Within the unordered list are individual list elements containing the link and some image and formatting information. Mechanize is not a full featured HTML parser like Nokogiri, but it does have built in functionality to find links, click links, and fill out forms. These helpers use Nokogiri to locate elements within the dom and interact with them. Unfortunately a lot of the Nokogiri interaction is abstracted away from the user in these methods and there is a loss of functionality as a result, though I am not skilled enough to speak as to how much.

In order to parse this page, I relied almost exclusively on Mechanize's links.find_all method. Unfortunately the source code and documentation that I've been able to find has absolutely no mention of this method.

1:  agent = Mechanize.new  
2:  page = agent.get('http://www.flightradar24.com/data/airports/')  
3:  country_links = page.links.find_all { |l| l.attributes.parent.name == 'li'}  

For each link found on the page, the parent attribute's name is checked against the string. In this case if the parent element is a list element the link will be saved. We know from above that each link we want is wrapped by a list element, but we haven't proven that there are not other links on the page matching this pattern. Instead the assumption is made that this pattern is accurate enough and we proceed to the next step; clicking the links contained within country_links.

1:  country_links.each do |c|  
2:       if country_links.index(c) > 19  
3:            country = c.click  
4:            airport_links = country.links.find_all { |d| d.attributes.parent.name == 'div'}  

In the above snippet at line 2 you can see the result of the "accurate enough" assumption made earlier. I encountered an error where I was not being routed to the country pages as expected. By outputting the link and index of the array I was able to simply add a branch to ignore the first 20 indexes. While adding an if branch is not a terribly inefficient thing, ascertaining what condition to set is not always as easy.

The link is then clicked and the resulting page is passed to the variable country. Notice that Mechanize is smart enough to correctly handle the partial link being passed to it. Country is then parsed for links and the same pattern is executed against it except looking for links with a div element as an immediate parent this time. The resulting links are then added to the airport_links array and we move on to the next step.

1:  airport_links.each do |a|  
2:                 if airport_links.index(a).even?  
3:                      airport = a.click  
4:                      doc = airport.parser  

At line two we once again see the consequences of this method of data acquisition.
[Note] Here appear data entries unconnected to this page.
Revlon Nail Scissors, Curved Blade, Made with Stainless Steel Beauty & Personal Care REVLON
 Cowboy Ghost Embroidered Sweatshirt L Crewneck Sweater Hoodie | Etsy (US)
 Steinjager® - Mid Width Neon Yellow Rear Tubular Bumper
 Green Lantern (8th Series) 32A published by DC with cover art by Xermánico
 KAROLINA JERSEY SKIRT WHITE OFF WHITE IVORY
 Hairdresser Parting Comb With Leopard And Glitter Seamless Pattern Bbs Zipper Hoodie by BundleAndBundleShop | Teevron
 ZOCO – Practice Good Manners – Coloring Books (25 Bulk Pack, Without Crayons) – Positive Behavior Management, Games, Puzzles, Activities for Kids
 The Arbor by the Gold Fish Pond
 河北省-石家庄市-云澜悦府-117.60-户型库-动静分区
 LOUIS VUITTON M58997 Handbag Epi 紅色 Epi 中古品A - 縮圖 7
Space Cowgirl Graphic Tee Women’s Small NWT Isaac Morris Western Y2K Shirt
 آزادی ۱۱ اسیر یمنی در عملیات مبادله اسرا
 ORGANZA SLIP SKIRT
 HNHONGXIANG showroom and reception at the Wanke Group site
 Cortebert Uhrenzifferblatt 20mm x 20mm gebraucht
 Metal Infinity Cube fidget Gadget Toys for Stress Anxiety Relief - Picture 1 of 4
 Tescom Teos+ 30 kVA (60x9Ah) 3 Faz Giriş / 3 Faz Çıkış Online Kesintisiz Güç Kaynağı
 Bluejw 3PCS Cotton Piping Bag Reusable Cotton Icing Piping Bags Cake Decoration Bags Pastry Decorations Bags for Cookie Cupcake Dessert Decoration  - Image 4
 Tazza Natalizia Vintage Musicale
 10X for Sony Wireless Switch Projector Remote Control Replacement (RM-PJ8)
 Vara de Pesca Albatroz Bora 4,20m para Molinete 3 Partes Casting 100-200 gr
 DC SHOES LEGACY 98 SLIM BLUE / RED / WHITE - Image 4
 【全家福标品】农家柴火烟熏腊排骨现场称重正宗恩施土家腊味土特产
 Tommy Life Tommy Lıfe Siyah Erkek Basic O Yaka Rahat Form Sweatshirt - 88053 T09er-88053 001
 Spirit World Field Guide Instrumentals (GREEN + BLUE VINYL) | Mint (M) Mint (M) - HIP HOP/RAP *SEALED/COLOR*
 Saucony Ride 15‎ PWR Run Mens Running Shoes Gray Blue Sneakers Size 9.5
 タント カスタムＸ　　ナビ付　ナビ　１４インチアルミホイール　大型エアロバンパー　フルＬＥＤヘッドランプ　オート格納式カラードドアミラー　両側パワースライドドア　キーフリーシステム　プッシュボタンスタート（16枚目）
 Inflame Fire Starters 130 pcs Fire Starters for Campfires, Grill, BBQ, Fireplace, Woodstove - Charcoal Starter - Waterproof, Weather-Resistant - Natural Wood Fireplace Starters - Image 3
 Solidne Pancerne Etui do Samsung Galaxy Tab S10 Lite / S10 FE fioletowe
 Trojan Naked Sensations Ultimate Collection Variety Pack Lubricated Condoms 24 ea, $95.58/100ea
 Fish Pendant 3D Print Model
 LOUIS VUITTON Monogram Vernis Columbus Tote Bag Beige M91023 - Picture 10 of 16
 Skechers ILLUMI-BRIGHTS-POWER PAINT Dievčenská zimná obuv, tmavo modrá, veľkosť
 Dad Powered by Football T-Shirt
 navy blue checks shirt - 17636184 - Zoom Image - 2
I repeated the same troubleshooting method and realized that every even index had valid data. As a result we have another almost random if branch. With valid data in hand, the link is clicked, however this time we aren't looking for links; the page is instead passed to the doc variable after being run through Mechanize's .parser method. The doc variable may now be treated as a Nokogiri object, the full spectrum of Nokogiri methods, from .css to xpath may be run against it.

Airport Source
1:  <div class="lightNoise" style="padding: 6px 12px 12px; width: 225px;">  
2:                 <h3 class="noborder">Information</h3>  
3:                 <ul>  
4:                      <li><strong>Airport name: </strong>Albuquerque International Sunport</li>  
5:                      <li><strong>IATA code: </strong>ABQ</li>  
6:                      <li><strong>ICAO code: </strong>KABQ</li>  
7:                      <li><strong>Country: </strong>United States</li>  
8:                      <li><strong>State: </strong>NM</li>                    <li><strong>City: </strong>Albuquerque</li>  
9:                      <li><strong>Time: </strong>17:44 (UTC: 00:44)</li>  
10:                      <li><strong>Latitude: </strong>35.040218</li>  
11:                      <li><strong>Longitude: </strong>-106.609001</li>  
12:                      <li><strong>Altitude: </strong>5355 feet</li>                    <li><strong>Homepage: </strong><a target="_blank" title="Visit homepage" href="">Visit homepage</a></li>  
13:                      <li><strong>Airport info: </strong><a target="_blank" title="Visit Flightstats" href="http://www.flightstats.com/go/Airport/airportDetails.do?airportCode=ABQ">Visit Flightstats</a></li>  
14:                      <li><strong>More info: </strong><a target="_blank" title="Visit Great Circle Mapper" href="http://gc.kls2.com/airport/ABQ">Visit Great Circle Mapper</a></li>  
15:                 </ul>  
16:            </div>  

Parser
1: doc.css('div.lightNoise li').each do |l|  
2:                           if doc.css('div.lightNoise li').index(l) == 0  
3:                                temp_storage[:name] = l.text.slice(14, l.text.length)  
4:                                #puts temp_storage[:name]  
5:                           end  
6:                           if doc.css('div.lightNoise li').index(l) == 1  
7:                                temp_storage[:i_code] = l.text.slice(11, l.text.length)  
8:                                #puts temp_storage[:i_code]  
9:                           end  
10:                           if doc.css('div.lightNoise li').index(l) == 3  
11:                                temp_storage[:country] = l.text.slice(9, l.text.length)  
12:                                #puts temp_storage[:country]  
13:                           end  
14:                           if doc.css('div.lightNoise li').index(l) == 4  
15:                                temp_storage[:city] = l.text.slice(6, l.text.length)  
16:                                #puts temp_storage[:city]  
17:                           end  
18:                      end  
19:                      puts temp_storage[:name]  
20:                      storage.push(temp_storage.clone)  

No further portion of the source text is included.